Researchers estimate that several generations of as many as 15 families lived in the 40 or so rooms built into the natural caves overlooking a small tributary of the Gila River. Based on examination of the timbers used in the construction of the rooms, occupancy began about 1280.
The people who lived in the cave houses supported themselves by raising corn, beans and squash, gathering wild food and hunting – and they made distinctive pottery. It is this pottery, in part, that allows researchers to place them as members of the Mogollon culture, a widespread Southwestern culture that flourished for approximately 1,200 years until the 1300s. It is not known why the culture ended and where the people went who had lived there, but by the mid-1300s the cliff houses sat empty.
The facts are not known, but a modern visitor to the dwellings can still sense the presence of the people living there. A storage bin containing dried corn; small rooms with beds that tempt visitors to close their eyes and imagine the people sleeping there 700 years before; a handprint, in crimson, on the cavern wall, a reminder of people thinking and creating.
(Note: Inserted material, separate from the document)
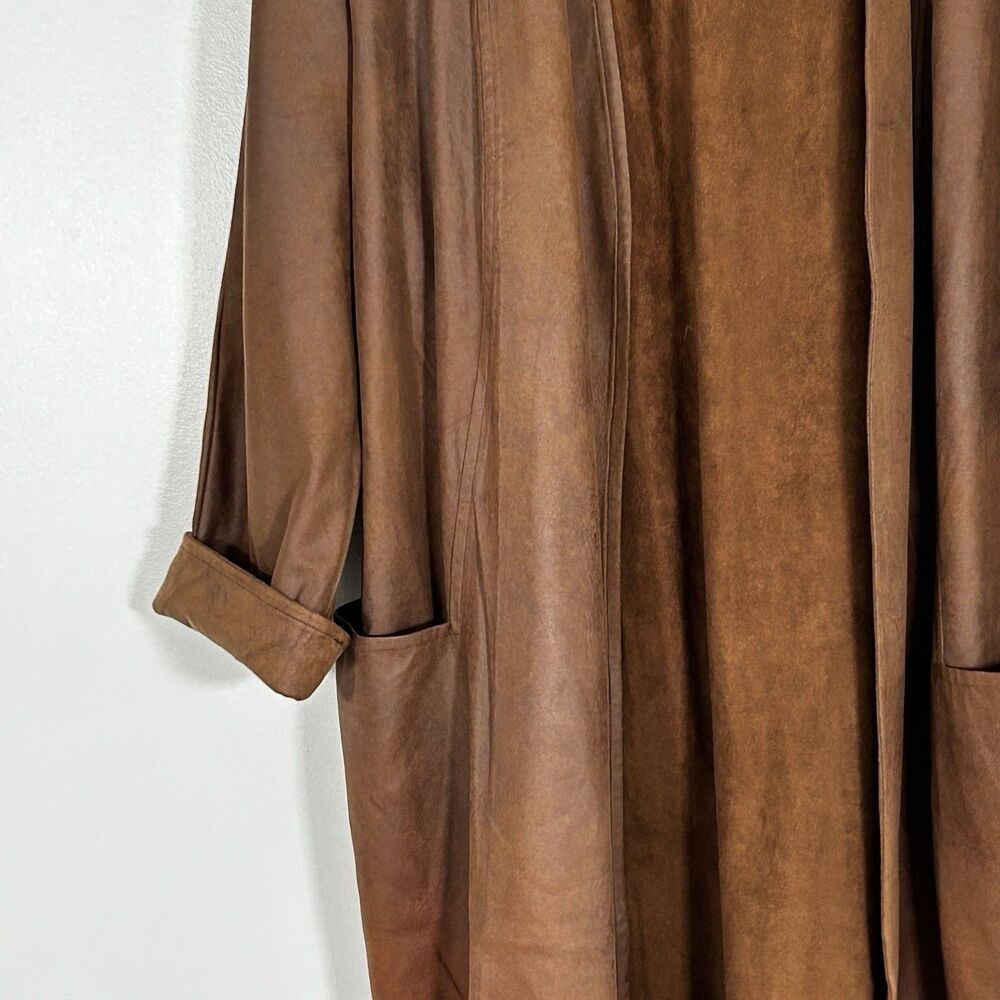 Soft Surroundings Faux Suede Duster Jacket Size 1X Brown Coat Open Front Pockets - Picture 4 of 10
Visitors are probably seeing the dwellings and the surrounding mountains as they appeared to those people long ago. Forested mountains and canyons, the sound of wind blowing in the treetops and down below the gurgling small stream where the ancient dwellers filled their pots with water to carry to their houses above.
The Gila Cliff Dwellings National Monument borders on the Gila Wilderness, the nation’s first designated wilderness area. It can be reached by a paved highway, and as part of the National Park system requires an entrance fee. National Park Service personnel are available to answer questions and give tours.